Personal information
- Full name: Adam Luke Docker
- Date of birth: 17 November 1985 (age 40)
- Place of birth: Rochdale, England
- Position: Defender

Youth career
- 2000–2005: Bury

Senior career*
- Years: Team / Apps / (Gls)
- 2005: Altrincham / 0 / (0)
- 2005–2007: Bangor City / 10 / (0)
- 2007: Chorley / 0 / (0)
- 2007–2008: Porthmadog / 3 / (0)
- 2010: Salford City / 3 / (0)
- 2010: FC United of Manchester / 1 / (0)
- 2010: Chadderton / 1 / (1)
- 2010–2011: Ashton United / 3 / (0)
- 2012: Stranraer

= Adam Karim =

English-Pakistani footballer

Adam Karim (born Adam Luke Docker; 17 November 1985) is an English former footballer who is now a restaurateur. Born in England, he was called up for Pakistan, where he subsequently changed his name to Adam Karim.

==Club career==
Born to a British Pakistani father and English mother, Karim began his professional football career with Bury, later joining Altrincham for a few months but then joined Bangor City in the 2005–06 season. He was released at the end of the 2006–07 season despite being a fairly impressive performer. He later joined Chorley, but in September 2007 linked up again with his former Bangor manager Clayton Blackmore when he joined Porthmadog. At the same time, he was also playing for Rochdale club Asia F.C.

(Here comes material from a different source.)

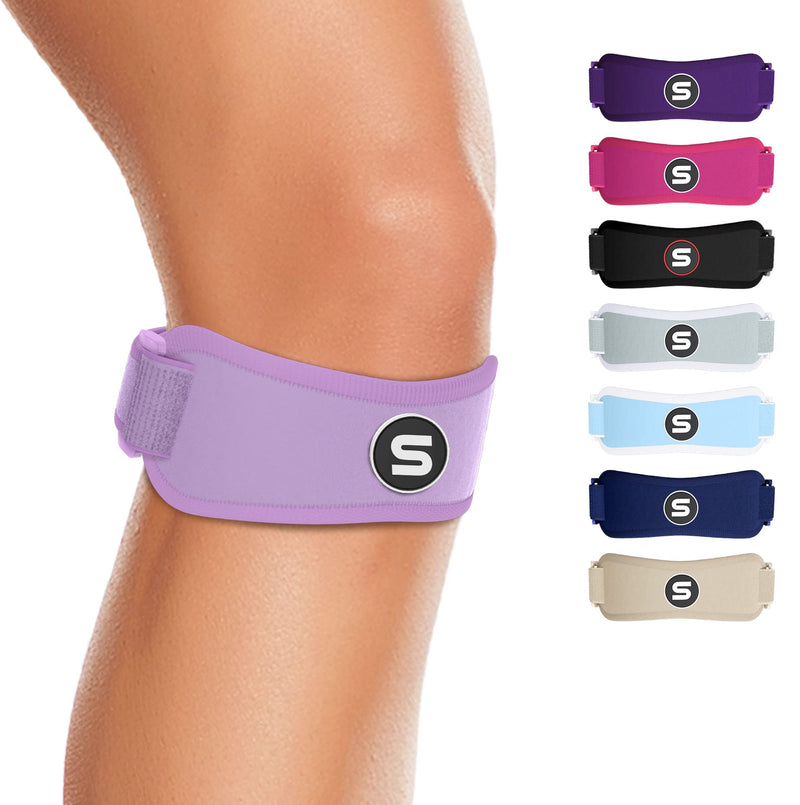 Sleeve Stars Swedish Brand Patellar Tendon Support Strap for Women & Men Effective Osgood Schlatter Knee Brace Youth & Kids Knee Brace with 3 Adjustable Length fits 12"-24" (Pair/Light Purple/Adult) Adults Light Purple 2 - BeesActive Australia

Karim parted company with Porthmadog in 2008. In late 2009 he was playing for Canaries FC in the Lancashire Evening Post Sunday football league and captained them to victory in the Asian Community Cup final held at Stamford Bridge.

In February 2010, Karim joined Salford City but after a short period asked to be released and subsequently joined FC United of Manchester. He played one match for the club, coming on as a substitute. He later joined Chadderton in November 2010, scoring in the one and only match he played for the club. Karim then joined Ashton United in November 2010, playing 3 games in February 2011.

==International call-up==
In October 2007, Karim was called up by Pakistan. He was an unused substitute in a 2010 FIFA World Cup group play-off match against Iraq. In 2010, he played for Pakistan International XI, a team made up of European based players of Pakistani origin against Woking FC.

==Personal life==
Karim worked full-time running a restaurant in North West England while playing football simultaneously. He initially founded an Indian restaurant named Karims. He also became owner of Don Giovanni and CEO of Mahiki restaurant. In November 2009, he co-founded Rosso Restaurant in Manchester along with Rio Ferdinand.

In July 2017 he married Russian TV presenter Olga Ushakova in Cyprus, who has daughters from a previous relationship in addition to two daughters she and Karim have together, born in 2018 and 2020.